Why it matters: As wearables inch closer to becoming mainstream fashion accessories, the battle for the smart glasses market is shaping up to define not just tech adoption, but how style, function, and identity converge in the next era of consumer devices.

Saks rolls out hyper-personalized homepage as AI shopping quietly shifts from reactive to predictive
Saks.com has launched a new AI-powered homepage that adapts in real time to each shopper’s behavior, surfacing personalized products, content, and visuals based on how you browse. It’s part of a wider movement toward hyper-personalized retail, where brands like Saks are investing in tools that don’t just respond to your preferences but anticipate them. From virtual stylists to mood-based product suggestions, shopping is becoming eerily tailored.
Why it matters: This shift promises frictionless luxury, but at the cost of deeper data extraction. As AI learns our habits, feelings, and impulses, the question isn’t just what we’ll buy next, but who decides.

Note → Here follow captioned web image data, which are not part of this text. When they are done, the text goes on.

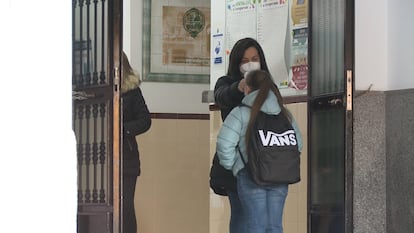 Alumnos de primaria  retoman las clases en Extremadura este lunes.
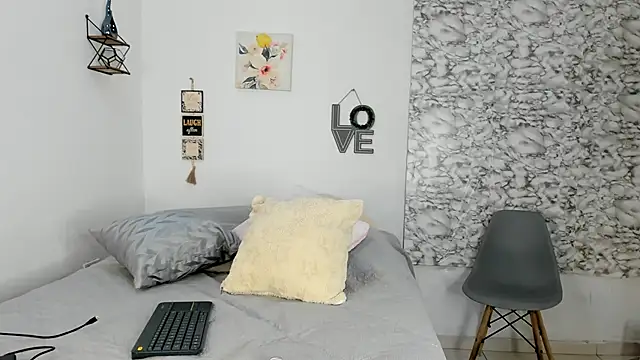 Snapshot of Canhela1 chatting on November 14, 2025, 12:53 am Canhela1 online show from November 14, 2025, 12:53 am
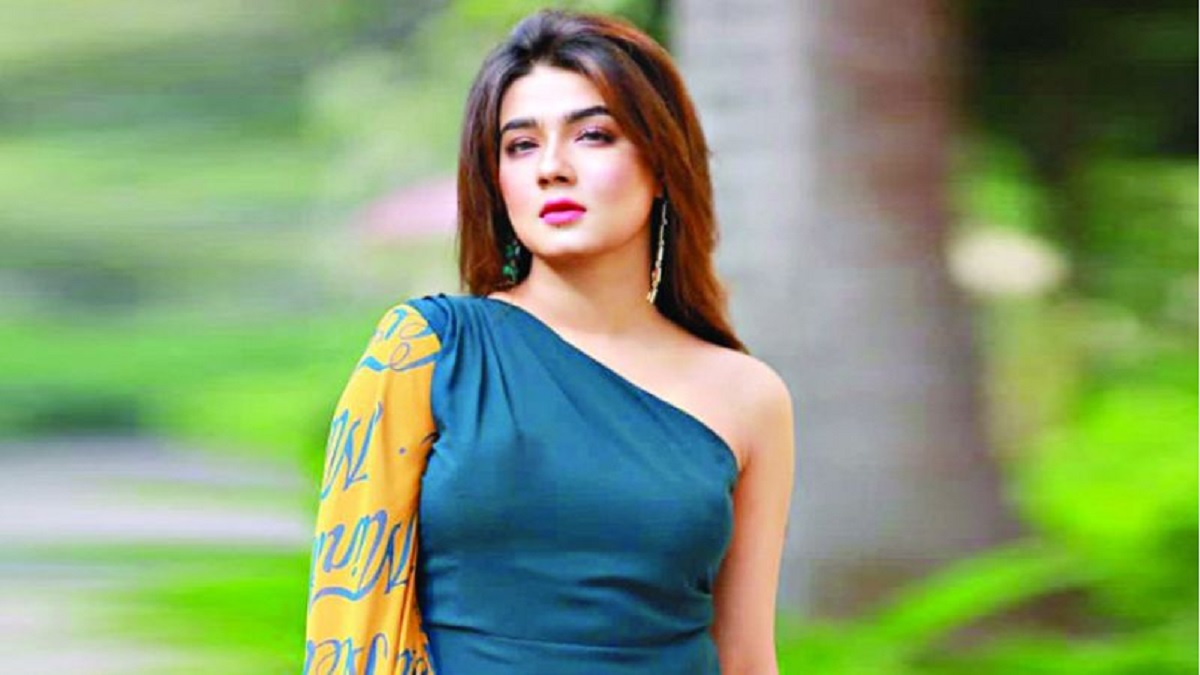 মা হওয়ার সম্ভাব্য দিনক্ষণ জানালেন মাহি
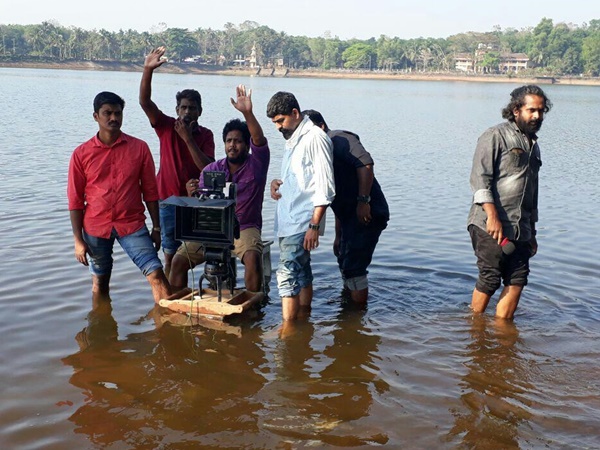 കോമഡി ത്രില്ലര്‍ ചിത്രമാണ്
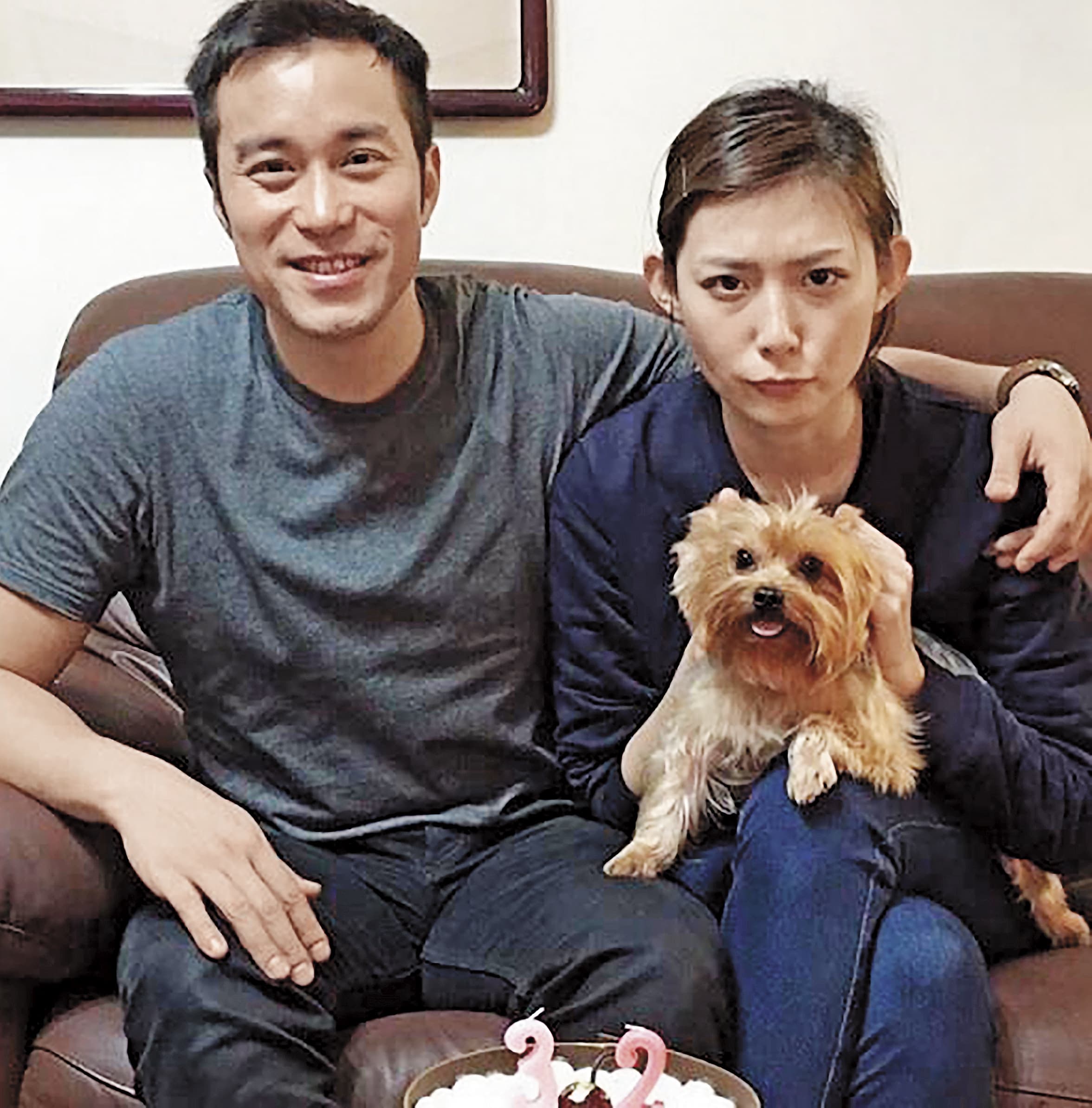 一度接近結婚的張孝全,是因為這張跟前女友Vicky的合照。因為Vicky手上有顆鑽戒,因此傳出張孝全求婚成功。
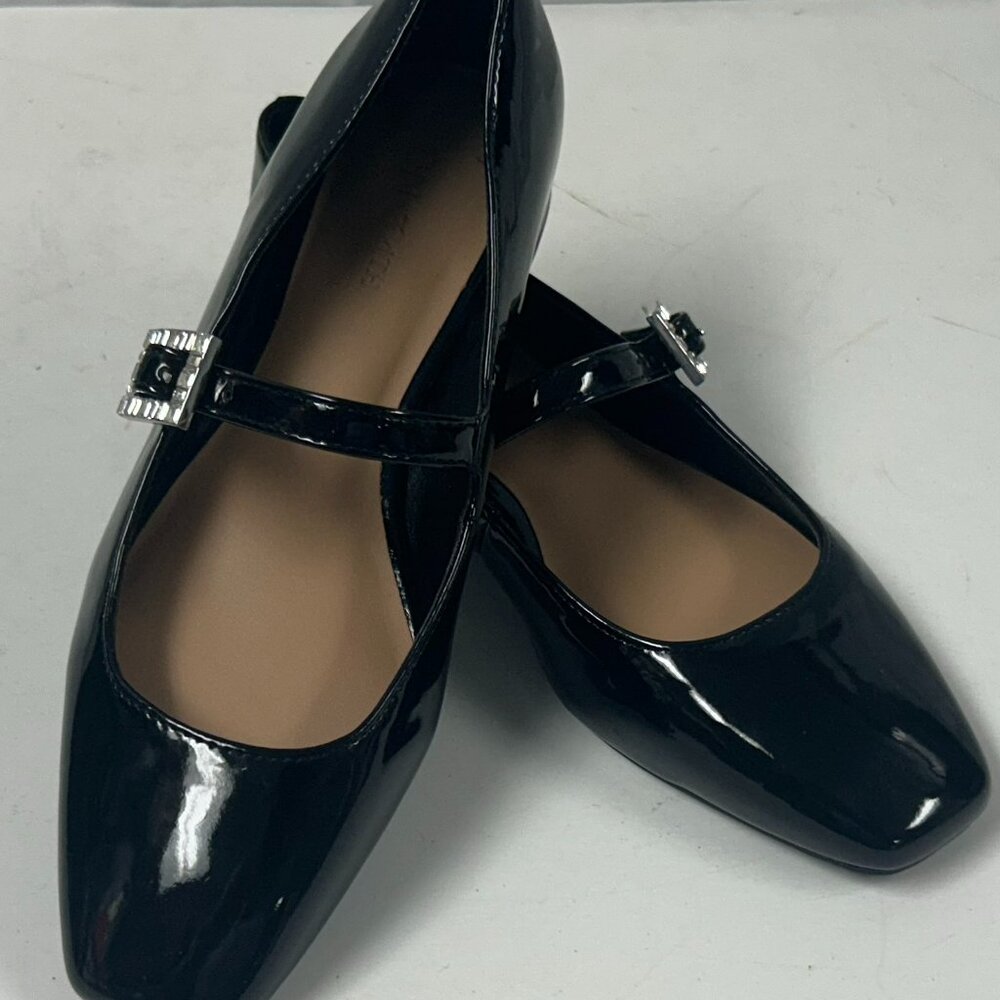 On 34th Women's Saadet Rhinestone Buckle Mary Jane flats Size 5M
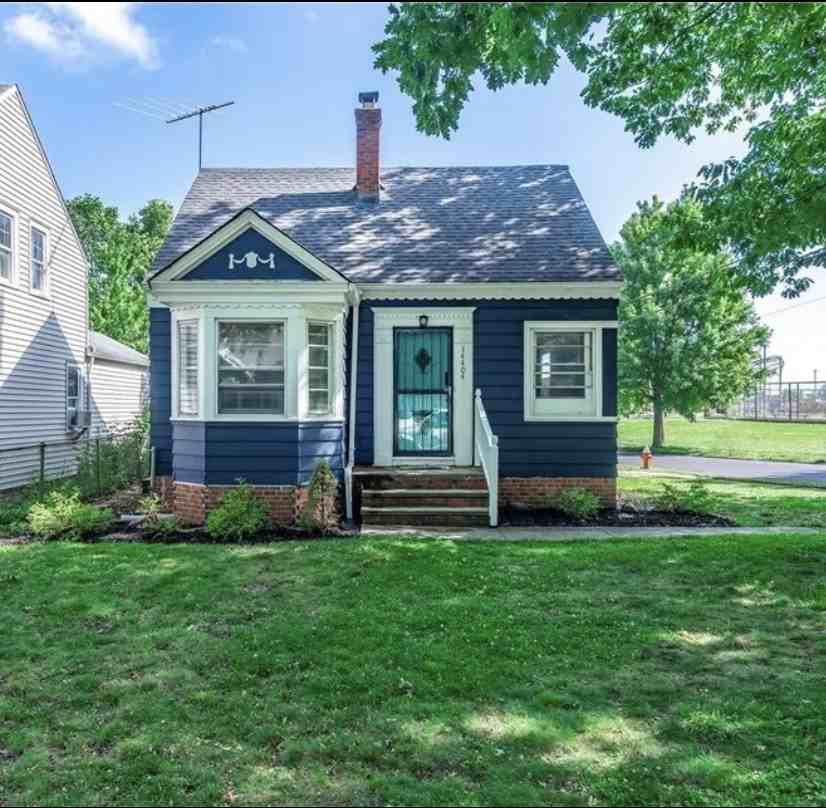 14404 Broxton Ave #NA - Photo 3 of 17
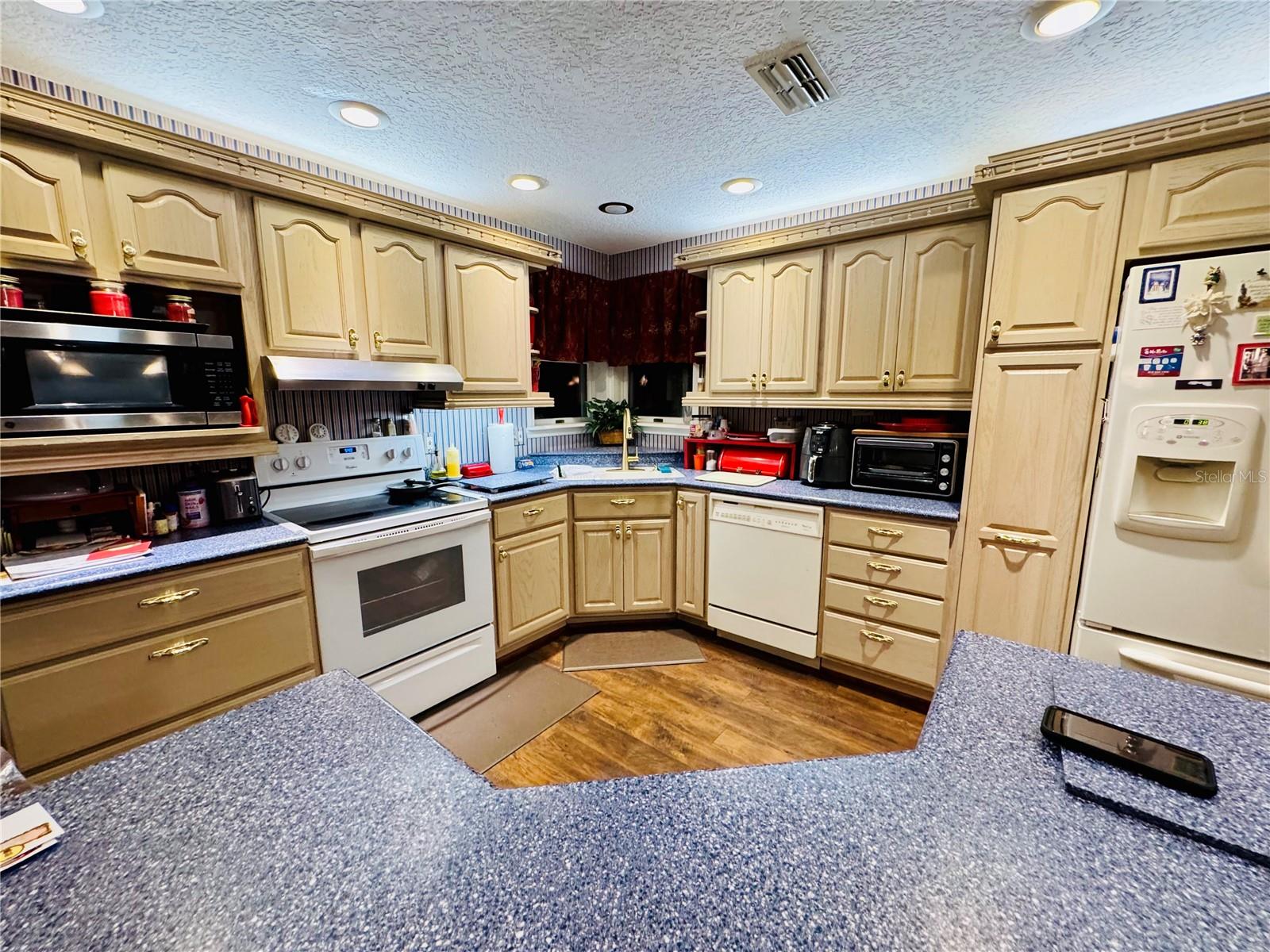 Image 19 of 42 For 17725 Powerline Road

AI models ignite debate over authenticity, diversity, and ethics in fashion
As artificial intelligence reshapes the fashion industry, from customer service to virtual try-ons, AI-generated models are now at the center of a growing ethical and cultural reckoning. The recent Vogue ad featuring a fully AI-created model for Guess continues to spark a backlash, reigniting concerns over job loss, unrealistic beauty standards, and digital forms of cultural appropriation. While some argue AI avatars offer creative freedom and reduce harmful comparisons, critics warn of transparency gaps, erasure of real models, and the risk of brands faking diversity without true representation.
Why it matters: As AI-generated identities blur the line between innovation and exploitation, the fashion world is being forced to confront what authenticity, inclusion, and responsibility look like in an AI-first era.